Every aspect of human life including health, livelihoods, food, security and economic growth is expected to be impacted. This is especially true in Southeast Asia, where climate change is threatening to disrupt the remarkable expansion of its economies and undo the hard-earned achievements of its sustainable development.
The Southeast Asian region has been ranked as one of the most vulnerable regions to climate change due to the urbanisation and concentration of its economic capitals along coastline areas and within deltas, as well as its economic reliance on agriculture and natural resources. According to the United Nations (UN) Food and Agriculture Organization (FAO), worsening climate conditions in the region is a key driver for the increase in the number of people suffering from starvation.
Agriculture at the front line
This year, extreme seasonal rains and flooding in the north, an extended dry season in Indonesia, and increasingly frequent storm events from tropical depressions to super typhoons, have taken a toll on the region’s economy. Climate events such as these have resulted in the destruction of paddy fields and farms in the region’s crucial agricultural heartlands.
According to Carolyn Rodrigues Birkett, Director of FAO’s Liaison Office in Geneva, in developing countries, the agriculture sector absorbs about 22 percent of the total damage and losses caused by natural hazards, 84 percent if one considers drought alone.
“No sector is more sensitive than agriculture and no solution to climate change and disasters will be complete without agricultural inputs,” she said at the opening of a panel discussion on Integrating Climate Change Adaptation and Disaster Risk Reduction.
Source: United Nations Office for Disaster Risk Reduction
Farmers are at the front line of climate change, staring down droughts, extreme rainfall, flooding and storms to continue producing food for everyone else. But what happens if farmers cannot absorb the damages and are forced to discontinue food production? In Indonesia, for example, around 93 percent of Indonesia’s farmers are small family farmers for food crops such as rice, corn and cassava, as well as cash crops like palm oil and rubber. Many of them struggle with poverty, with almost one fifth of them living below the national poverty line.

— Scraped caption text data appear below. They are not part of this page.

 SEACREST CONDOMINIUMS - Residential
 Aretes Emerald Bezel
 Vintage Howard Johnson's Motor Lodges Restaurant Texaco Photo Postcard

Mitigating climate damage to key food crops
Towards building farmers’ resilience, the region’s governments have started moving towards setting up risk transfer mechanisms, such as insurance for the agricultural sector at different levels. In the region, Thailand, Vietnam, the Philippines, Indonesia, Cambodia and Myanmar have tested and developed specific models of government-subsidized insurance-based schemes to protect against the worst damage due to extreme weather events, all at different levels of implementation.
In Indonesia, after a few pilot projects, the government there launched the National Agricultural Scheme for rice farmers in 2015. However, despite the strong participation of the public sector where 80 percent of premiums is subsidised locally, the penetration of such financial instruments is still low while coverage for crops other than rice is limited. Agricultural Insurance Specialist, Margherita Bavagnoli said that the main challenges are not only to increase the uptake from farmers, but also to develop a strategy for long-term sustainability of those instruments.
“Obviously, financial burden is one of the reasons for low penetration. However, many other variables are seen as playing almost equal importance in the success or failure of such products. As long as farmers do not fully understand the importance of such products, and the private sector does not play an active role in creating a market, such measures will only remain a social protection measure provided by governments. This is hardly sustainable in the long run,” explained Bavagnoli.
The IPCC has warned that rice yields and quality will likely face reduction. This is true for most other staple foods such as maize, wheat and other cereal crops. Governments, the private sector and other stakeholders need to help farmers continue to produce and be profitable as the climate worsens, without whom, there will be no food on our tables.